Grandma replied, "Oh, it's easy, dear. I just take my dentures out, rip the skin back and suck them dry."
The policeman fainted!!!!
Last week, we took some friends out to a new restaurant, and noticed that
the waiter who took our order carried a spoon in his shirt pocket.It seemed a little strange, but I ignored it.
However, when the busboy brought out water and utensils, I noticed he also had a spoon in his shirtpocket,
then looked around the room and saw that all the staff had spoons in their pockets.
When the waiter came back to serve our soup I asked, "Why the spoon?"
"Well," he explained, "the restaurant's owners hired Anderson Consulting,
experts in efficiency, in order to revamp all our processes.

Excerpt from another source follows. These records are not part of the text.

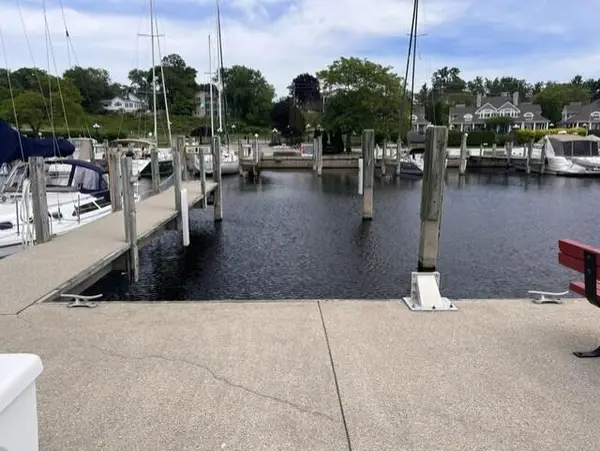 1200 Lakeshore #1, Muskegon, MI 49441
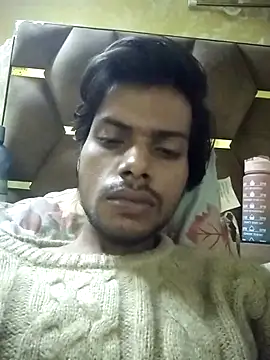 Snapshot of Luckysucks chatting on 11.12.25 Luckysucks online show from 11.12.25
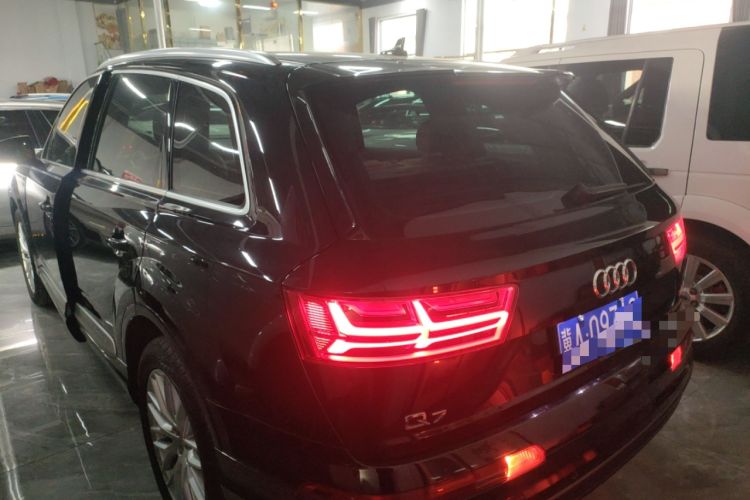 Used Audi Q7 2018 45 TFSI Technology Edition
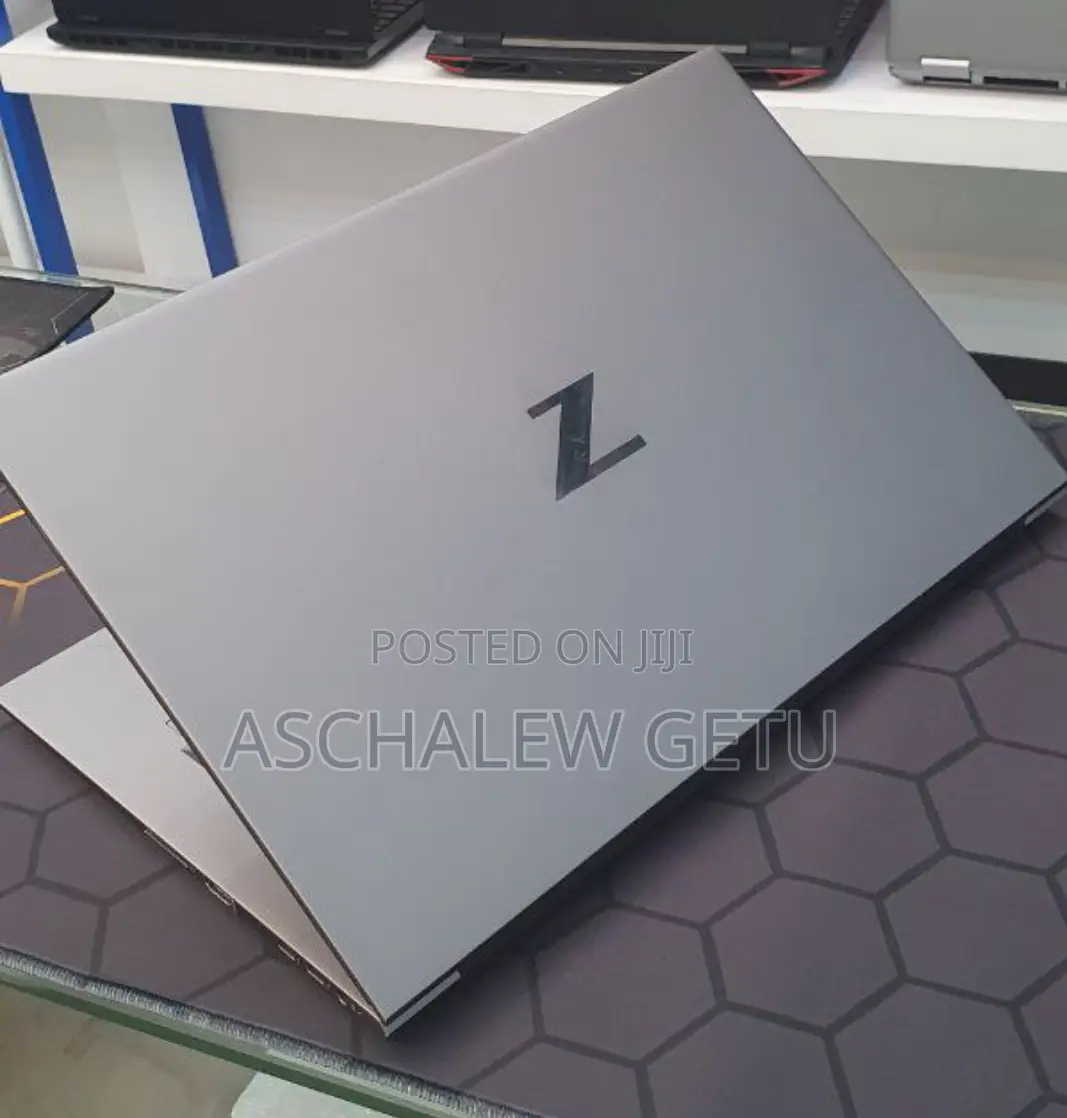 New Laptop HP ZBook 14 16GB Intel Core I7 SSD 512GB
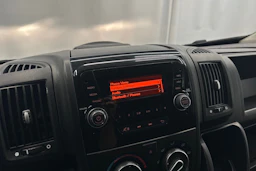 musta Peugeot Boxer 2015 kuva 17.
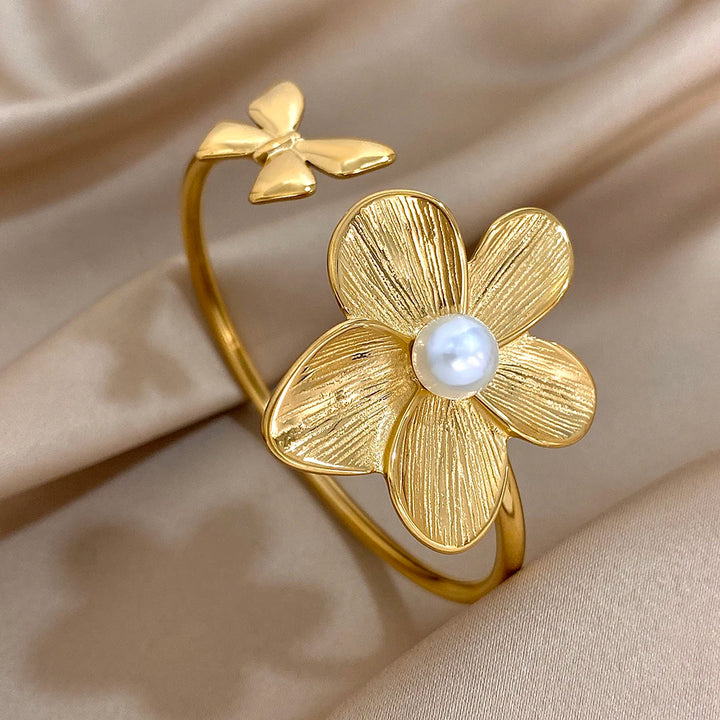 Flower bracelet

After
several months of statistical analysis, they concluded that customers drop their
spoons 73.84 percent more often than any other utensil.

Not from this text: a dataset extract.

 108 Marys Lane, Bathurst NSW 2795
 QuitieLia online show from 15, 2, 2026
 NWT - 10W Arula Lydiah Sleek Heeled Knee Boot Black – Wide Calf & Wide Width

This represents a drop frequency of approximately 3 spoons per table per hour.
If our personnel is prepared to deal with that contingency, we can reduce
the number of trips back to the kitchen and save 15 man-hours per shift."
As luck would have it I dropped my spoon and he was able to replace it
with his spare spoon.
"I'll get another spoon next time I go to the
kitchen instead of making an extra trip to get it right now." I was rather impressed.
The waiter served our main course and I continued to look around. I then noticed that there was a very thin string hanging out of the waiter's fly.
Looking around, I noticed that all the waiters had the same string
hanging from their flies. My curiosity got the better of me and before he walked
off, I asked the waiter, "Excuse me, but can you tell me why you have
that string right there?"
"Oh, certainly!" he answered, lowering his voice. "Not everyone is as
observant as you. That consulting firm I mentioned also found out that we
can save time in the restroom."
"How so?" "See," he continued, "by tying this string to the tip of you
know what, we can pull it out over the urinal without touching it and
that way eliminate the need to wash the hands, shortening the time spent in the restroom by 76.39 percent."
"Okay, that makes sense, but . . . if the string helps you get it out,how do you put it back in?"
"Well," he whispered, lowering his voice even further,..................................
"I don't know about the others, but I use the spoon".
A little boy walks into his parents room to see his mom on top of his dad
bouncing up and down. The mom sees her son and quickly dismounts, worried
about what her son has seen. She dresses quickly and goes to find him.
The son sees his mom and asks, "What were you and dad doing?".
The mother replies, "Well you know your dad has a big tummy and sometimes I have to
get on top of it and help flatten it."
"You're wasting your time." says the boy.
"Why is that?" asked his mom, puzzled.
"Well, when you go shopping the lady next door comes over and gets on her knees and blows it right back up."
Chat in the Restroom
I was driving on New Jersey's Garden State Parkway, when I decided to stop at a comfort station. The first toilet stall was
occupied, so I went into the second one.
I was no sooner seated than I heard a voice from the next stall: "Hi, how are you doing?"
Well, I am not the type to chat with strangers in highway comfort stations, and I really don't know quite what possessed me, but anyway, I answered, a little embarrassed: "Not bad."
And the stranger said: "And, what are you up to?"
Talk about your dumb questions! I was really beginning to think this was too weird! So I said: "Well, just like you I am driving east?"
Then, I heard the stranger, all upset, say: "Look, I'll call you right back, there is some person in the next stall answering all the questions I am asking you. Bye!"